In the copy, every line of the material that follows must appear exactly, and no pictures should.

→ **GIVEN DATA**
* * * *

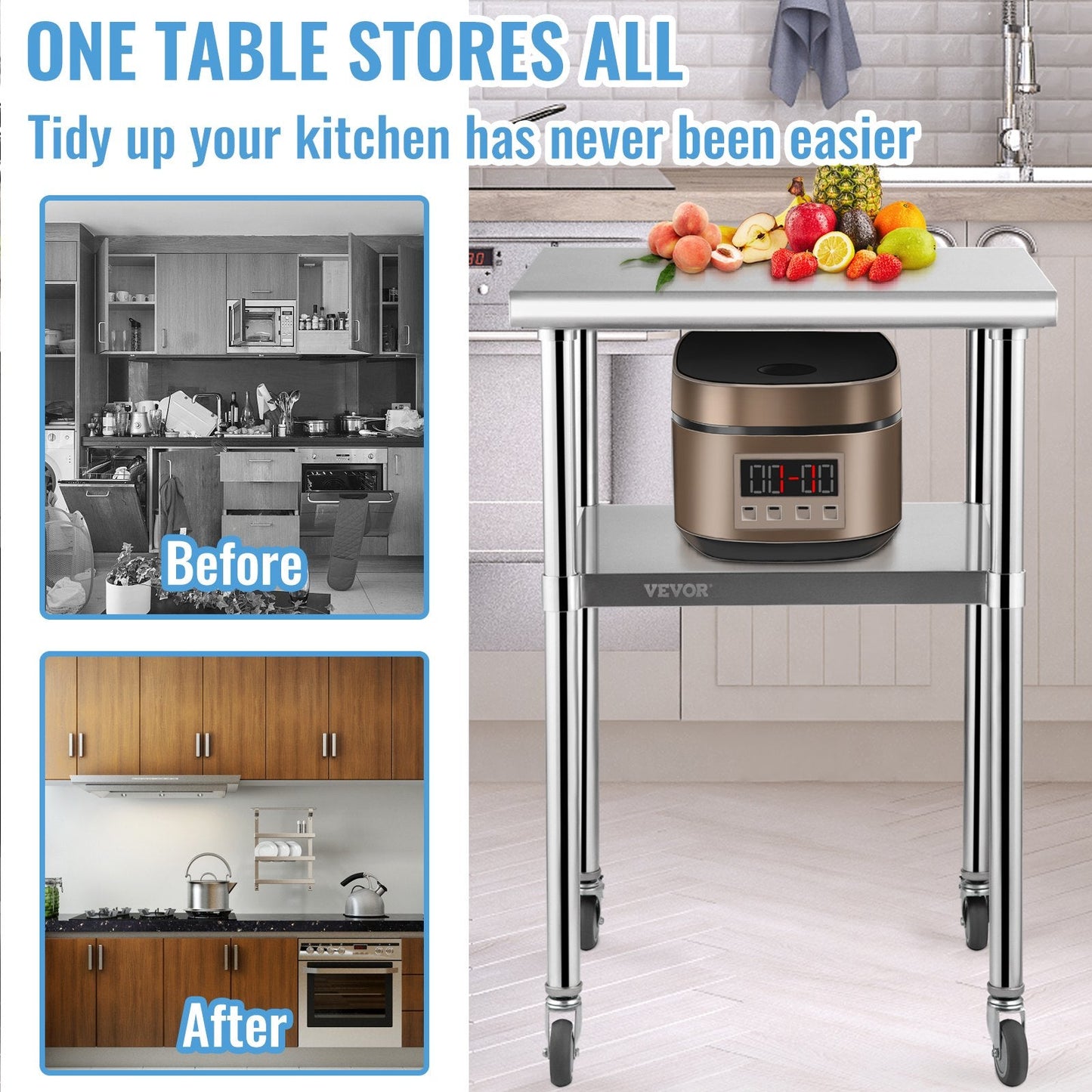 Stainless Steel Workstation with Adjustable Shelf & Wheels, 600 kg Capacity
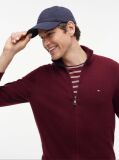 Rosu Cardigan Din Bumbac Si Casmir Zip-Thru  Barbati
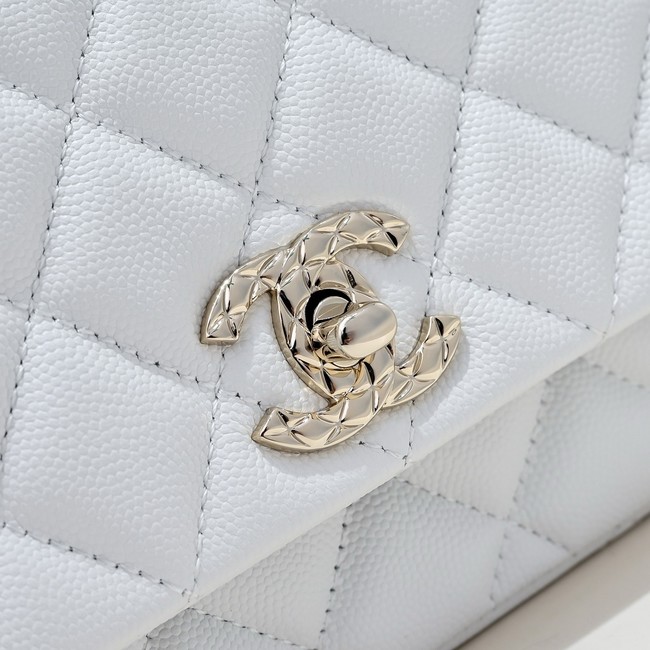 Chanel SMALL FLAP BAG CLUTCH WITH CHAIN Gold-Tone Metal AS5554 WHITE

* * * *

→ **OUTPUT FOR THIS TASK**
 Stainless Steel Workstation with Adjustable Shelf & Wheels, 600 kg Capacity
 Rosu Cardigan Din Bumbac Si Casmir Zip-Thru  Barbati
 Chanel SMALL FLAP BAG CLUTCH WITH CHAIN Gold-Tone Metal AS5554 WHITE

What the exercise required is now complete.